Great vid! I don't even own a slingshot yet but from what I have worked out so far I will be shooting 9.5mm 3/8 steel in 5/8 kangaroo w/ 17 45 tubes attached to tube master sniper.

Would you recommend 18 42 cuffs for 17 45 tubes? Or can I just use 17 45 cuffs on the 17 45 tubes?

Really I have no idea what i'm doing but I would like to get close to my perfect setup on the first try :naughty:


----------



## Beanflip (Sep 11, 2010)

I started with 1745 also. But I shoot targets mostly and have found lighter tubes to be my preference. 2040 is good. I am using 2040 with 1842 cuffs.


----------



## ash (Apr 23, 2013)

JJSyd said:


> Great vid! I don't even own a slingshot yet but from what I have worked out so far I will be shooting 9.5mm 3/8 steel in 5/8 kangaroo w/ 17 45 tubes attached to tube master sniper.
> 
> Would you recommend 18 42 cuffs for 17 45 tubes? Or can I just use 17 45 cuffs on the 17 45 tubes?
> 
> Really I have no idea what i'm doing but I would like to get close to my perfect setup on the first try :naughty:


I reckon 1745 is too heavy for looped tubes to fire 3/8" steel. Single 1745 is good. Looped 2040 is also good.


----------



## Henry the Hermit (Jun 2, 2010)

Single 2040 is enough for 3/8 steel.


----------



## ash (Apr 23, 2013)

Yes indeed, I have a Fury set up with single 2040. I find the extra power of 1842 or 1745 more satisfying, though.
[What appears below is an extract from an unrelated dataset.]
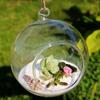 Micro Landscape Eco Vase Hanging Glass Vase Succulent Vase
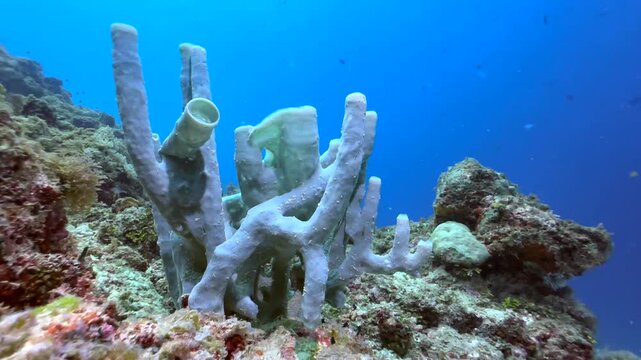 Blue tube sponges near Mnemba Island, Zanzibar, Tanzania.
That said, I do have a couple of 1745 equipped naturals that are real handslappers with 3/8" steel. Could be a case of too much pouch or the thick OTT tube protectors causing the slap, though.


----------



## JJSyd (May 11, 2014)

So much good info in this thread & site in general. Thanks guys!

Its funny that for the last week or so my idea of what to buy has changed each and every day hahaha. Yesterday I was 99% sure I was going with 1745 or 1842 w/ 3/8 steel. But now 2040 seems like the logical choice. I have 6 kids (5 boys) so i'm sure it wont go to waste...

Do ever get any slippage w/ the 1842 cuffs on the 2040 tube Beanflip?


----------



## Pl!nk (May 4, 2014)

Beanflip,

Thanks for the how-to video. Great info. I will be trying this way next.


----------



## Beanflip (Sep 11, 2010)

JJSyd said:


> So much good info in this thread & site in general. Thanks guys!
> 
> Its funny that for the last week or so my idea of what to buy has changed each and every day hahaha. Yesterday I was 99% sure I was going with 1745 or 1842 w/ 3/8 steel. But now 2040 seems like the logical choice. I have 6 kids (5 boys) so i'm sure it wont go to waste...
> 
> Do ever get any slippage w/ the 1842 cuffs on the 2040 tube Beanflip?


It's possible but I haven't had a problem. If you're stretching the tube set to an extreme you may notice some slippage. I use MJ's tube set length, 14 inches cut and looped.


----------